**Material for this exercise:**
= = =

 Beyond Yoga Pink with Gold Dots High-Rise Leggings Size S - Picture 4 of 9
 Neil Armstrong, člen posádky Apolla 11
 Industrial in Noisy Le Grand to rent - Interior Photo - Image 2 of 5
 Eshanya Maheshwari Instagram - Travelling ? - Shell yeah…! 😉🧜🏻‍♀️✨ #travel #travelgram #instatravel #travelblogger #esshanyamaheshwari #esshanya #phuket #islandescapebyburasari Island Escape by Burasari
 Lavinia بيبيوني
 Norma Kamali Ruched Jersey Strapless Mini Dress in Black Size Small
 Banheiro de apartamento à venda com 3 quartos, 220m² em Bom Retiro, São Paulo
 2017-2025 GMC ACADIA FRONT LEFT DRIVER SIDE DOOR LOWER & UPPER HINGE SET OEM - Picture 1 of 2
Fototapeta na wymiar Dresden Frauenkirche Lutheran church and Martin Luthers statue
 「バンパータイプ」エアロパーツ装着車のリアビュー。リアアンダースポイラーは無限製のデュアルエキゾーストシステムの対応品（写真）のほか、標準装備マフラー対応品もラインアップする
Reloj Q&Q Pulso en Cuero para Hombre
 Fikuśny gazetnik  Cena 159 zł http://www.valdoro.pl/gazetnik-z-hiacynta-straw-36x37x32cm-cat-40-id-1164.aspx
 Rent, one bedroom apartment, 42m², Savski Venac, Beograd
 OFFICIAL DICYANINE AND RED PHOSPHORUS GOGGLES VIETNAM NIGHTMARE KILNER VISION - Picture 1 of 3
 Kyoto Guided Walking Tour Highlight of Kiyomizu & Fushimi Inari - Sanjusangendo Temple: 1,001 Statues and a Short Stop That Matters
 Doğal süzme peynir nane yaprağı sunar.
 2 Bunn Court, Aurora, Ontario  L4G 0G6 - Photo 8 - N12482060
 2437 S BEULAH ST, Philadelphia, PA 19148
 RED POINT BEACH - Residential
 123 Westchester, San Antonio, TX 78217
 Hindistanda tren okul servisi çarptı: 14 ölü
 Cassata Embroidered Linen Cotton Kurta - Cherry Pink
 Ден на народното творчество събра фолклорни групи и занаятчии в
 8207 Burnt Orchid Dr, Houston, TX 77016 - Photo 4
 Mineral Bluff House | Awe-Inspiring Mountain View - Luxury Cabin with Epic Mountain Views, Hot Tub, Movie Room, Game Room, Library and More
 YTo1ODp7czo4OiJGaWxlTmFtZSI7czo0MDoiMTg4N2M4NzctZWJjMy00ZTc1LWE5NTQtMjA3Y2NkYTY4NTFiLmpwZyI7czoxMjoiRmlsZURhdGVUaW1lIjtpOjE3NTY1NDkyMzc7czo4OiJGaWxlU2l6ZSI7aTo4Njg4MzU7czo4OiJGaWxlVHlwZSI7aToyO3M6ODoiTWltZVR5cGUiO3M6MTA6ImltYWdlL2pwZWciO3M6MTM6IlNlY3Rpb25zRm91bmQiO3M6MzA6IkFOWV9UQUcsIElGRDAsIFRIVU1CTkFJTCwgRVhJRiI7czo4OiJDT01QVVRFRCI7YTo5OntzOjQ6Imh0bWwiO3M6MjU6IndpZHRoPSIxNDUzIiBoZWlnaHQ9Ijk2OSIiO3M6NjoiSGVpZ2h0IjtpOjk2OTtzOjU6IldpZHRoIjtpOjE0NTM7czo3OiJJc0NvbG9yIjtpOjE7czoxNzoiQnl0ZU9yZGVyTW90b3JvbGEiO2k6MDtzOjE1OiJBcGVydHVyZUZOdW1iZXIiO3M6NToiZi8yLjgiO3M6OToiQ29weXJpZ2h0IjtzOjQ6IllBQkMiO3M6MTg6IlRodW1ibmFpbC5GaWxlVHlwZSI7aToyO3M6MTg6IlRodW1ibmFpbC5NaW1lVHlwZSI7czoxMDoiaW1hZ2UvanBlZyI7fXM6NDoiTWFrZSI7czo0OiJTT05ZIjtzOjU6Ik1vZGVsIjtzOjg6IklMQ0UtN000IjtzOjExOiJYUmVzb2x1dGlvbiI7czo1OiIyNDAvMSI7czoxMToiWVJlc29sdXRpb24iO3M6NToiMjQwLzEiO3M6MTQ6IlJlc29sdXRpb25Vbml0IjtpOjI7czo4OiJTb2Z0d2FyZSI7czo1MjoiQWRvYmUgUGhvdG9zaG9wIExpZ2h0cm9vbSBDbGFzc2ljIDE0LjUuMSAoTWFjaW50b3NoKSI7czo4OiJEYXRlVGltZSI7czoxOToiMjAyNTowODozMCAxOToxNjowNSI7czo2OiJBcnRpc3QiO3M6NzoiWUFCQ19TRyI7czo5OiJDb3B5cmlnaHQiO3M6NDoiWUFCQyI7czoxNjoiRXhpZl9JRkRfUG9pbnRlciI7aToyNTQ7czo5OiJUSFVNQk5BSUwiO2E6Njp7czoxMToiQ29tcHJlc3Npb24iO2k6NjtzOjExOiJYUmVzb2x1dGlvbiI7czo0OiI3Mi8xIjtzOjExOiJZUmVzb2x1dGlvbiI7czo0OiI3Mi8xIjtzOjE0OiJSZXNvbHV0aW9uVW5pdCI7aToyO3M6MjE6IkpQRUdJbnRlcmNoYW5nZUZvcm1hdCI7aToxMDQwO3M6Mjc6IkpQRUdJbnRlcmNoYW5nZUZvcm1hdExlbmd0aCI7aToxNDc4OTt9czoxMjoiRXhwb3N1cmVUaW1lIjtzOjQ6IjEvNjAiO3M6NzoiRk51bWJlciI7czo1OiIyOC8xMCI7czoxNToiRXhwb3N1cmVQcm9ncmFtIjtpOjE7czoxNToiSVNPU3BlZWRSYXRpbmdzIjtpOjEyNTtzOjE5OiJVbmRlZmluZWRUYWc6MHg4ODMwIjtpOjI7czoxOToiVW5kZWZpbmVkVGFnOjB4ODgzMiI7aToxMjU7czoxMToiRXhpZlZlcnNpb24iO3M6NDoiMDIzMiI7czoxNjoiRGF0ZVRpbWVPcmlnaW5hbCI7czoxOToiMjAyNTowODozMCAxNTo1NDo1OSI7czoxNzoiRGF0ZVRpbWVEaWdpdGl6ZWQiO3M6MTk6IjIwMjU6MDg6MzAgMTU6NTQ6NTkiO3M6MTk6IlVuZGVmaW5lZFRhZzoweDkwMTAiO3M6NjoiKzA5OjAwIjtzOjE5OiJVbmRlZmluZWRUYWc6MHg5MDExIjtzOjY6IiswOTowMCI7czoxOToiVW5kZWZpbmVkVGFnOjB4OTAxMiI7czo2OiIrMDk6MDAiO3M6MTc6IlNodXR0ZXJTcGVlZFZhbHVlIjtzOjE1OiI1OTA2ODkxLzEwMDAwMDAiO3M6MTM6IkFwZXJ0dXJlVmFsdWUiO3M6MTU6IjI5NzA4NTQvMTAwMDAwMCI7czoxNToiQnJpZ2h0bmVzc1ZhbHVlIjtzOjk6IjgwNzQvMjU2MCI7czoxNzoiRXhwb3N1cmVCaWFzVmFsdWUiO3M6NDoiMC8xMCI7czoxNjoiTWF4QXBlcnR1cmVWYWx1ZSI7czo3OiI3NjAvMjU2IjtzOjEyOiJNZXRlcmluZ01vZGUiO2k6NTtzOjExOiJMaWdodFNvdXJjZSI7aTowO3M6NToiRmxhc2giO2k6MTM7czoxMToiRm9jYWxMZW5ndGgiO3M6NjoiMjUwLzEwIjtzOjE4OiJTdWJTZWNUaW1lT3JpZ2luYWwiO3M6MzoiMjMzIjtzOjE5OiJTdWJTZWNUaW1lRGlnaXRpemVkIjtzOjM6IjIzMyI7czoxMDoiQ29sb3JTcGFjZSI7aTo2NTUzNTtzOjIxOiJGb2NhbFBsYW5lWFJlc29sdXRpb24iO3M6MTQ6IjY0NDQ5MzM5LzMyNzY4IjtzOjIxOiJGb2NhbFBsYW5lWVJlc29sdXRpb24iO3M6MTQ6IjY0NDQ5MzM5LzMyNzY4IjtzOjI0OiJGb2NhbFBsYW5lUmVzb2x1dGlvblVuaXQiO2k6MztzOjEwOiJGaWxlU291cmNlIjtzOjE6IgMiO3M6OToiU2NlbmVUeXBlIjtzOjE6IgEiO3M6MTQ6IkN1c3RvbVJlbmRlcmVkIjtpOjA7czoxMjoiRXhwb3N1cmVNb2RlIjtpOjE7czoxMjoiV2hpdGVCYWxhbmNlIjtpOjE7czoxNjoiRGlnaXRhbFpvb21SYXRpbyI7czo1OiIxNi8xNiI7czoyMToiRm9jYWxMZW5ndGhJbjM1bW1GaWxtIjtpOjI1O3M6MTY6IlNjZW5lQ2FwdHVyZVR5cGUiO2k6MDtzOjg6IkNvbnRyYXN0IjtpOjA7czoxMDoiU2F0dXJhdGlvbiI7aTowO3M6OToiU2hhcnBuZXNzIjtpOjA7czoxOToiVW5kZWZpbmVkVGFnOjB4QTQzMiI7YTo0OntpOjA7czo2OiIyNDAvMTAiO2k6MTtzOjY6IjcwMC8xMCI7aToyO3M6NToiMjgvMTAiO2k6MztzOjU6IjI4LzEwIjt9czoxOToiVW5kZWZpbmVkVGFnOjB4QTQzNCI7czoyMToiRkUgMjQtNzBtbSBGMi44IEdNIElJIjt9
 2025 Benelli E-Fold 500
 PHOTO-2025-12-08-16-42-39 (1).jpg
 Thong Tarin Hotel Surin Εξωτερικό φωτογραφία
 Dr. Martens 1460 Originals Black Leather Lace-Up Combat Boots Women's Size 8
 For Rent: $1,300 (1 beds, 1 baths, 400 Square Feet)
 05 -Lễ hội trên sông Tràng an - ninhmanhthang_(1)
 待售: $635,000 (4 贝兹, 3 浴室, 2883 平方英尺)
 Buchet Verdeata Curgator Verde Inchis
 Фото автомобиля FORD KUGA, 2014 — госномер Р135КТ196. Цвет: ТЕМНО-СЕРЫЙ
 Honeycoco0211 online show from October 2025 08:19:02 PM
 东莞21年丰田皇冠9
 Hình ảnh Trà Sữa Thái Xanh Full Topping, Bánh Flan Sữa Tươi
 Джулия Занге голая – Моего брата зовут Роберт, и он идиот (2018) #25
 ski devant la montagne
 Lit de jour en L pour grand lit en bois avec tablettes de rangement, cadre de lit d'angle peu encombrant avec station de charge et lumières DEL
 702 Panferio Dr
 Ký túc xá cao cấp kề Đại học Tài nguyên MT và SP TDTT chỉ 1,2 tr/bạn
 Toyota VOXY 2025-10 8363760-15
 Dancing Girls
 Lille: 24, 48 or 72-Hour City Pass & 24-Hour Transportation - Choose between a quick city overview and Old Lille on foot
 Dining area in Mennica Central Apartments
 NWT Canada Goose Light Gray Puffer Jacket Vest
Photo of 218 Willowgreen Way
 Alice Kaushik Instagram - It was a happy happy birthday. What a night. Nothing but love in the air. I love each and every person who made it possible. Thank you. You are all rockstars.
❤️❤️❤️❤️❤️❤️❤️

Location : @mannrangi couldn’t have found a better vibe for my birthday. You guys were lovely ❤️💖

= = =

**Description of the task:** Gather up, from the records above, each line where the word "with" appears.

**Result of the task:**
 Beyond Yoga Pink with Gold Dots High-Rise Leggings Size S - Picture 4 of 9
 Mineral Bluff House | Awe-Inspiring Mountain View - Luxury Cabin with Epic Mountain Views, Hot Tub, Movie Room, Game Room, Library and More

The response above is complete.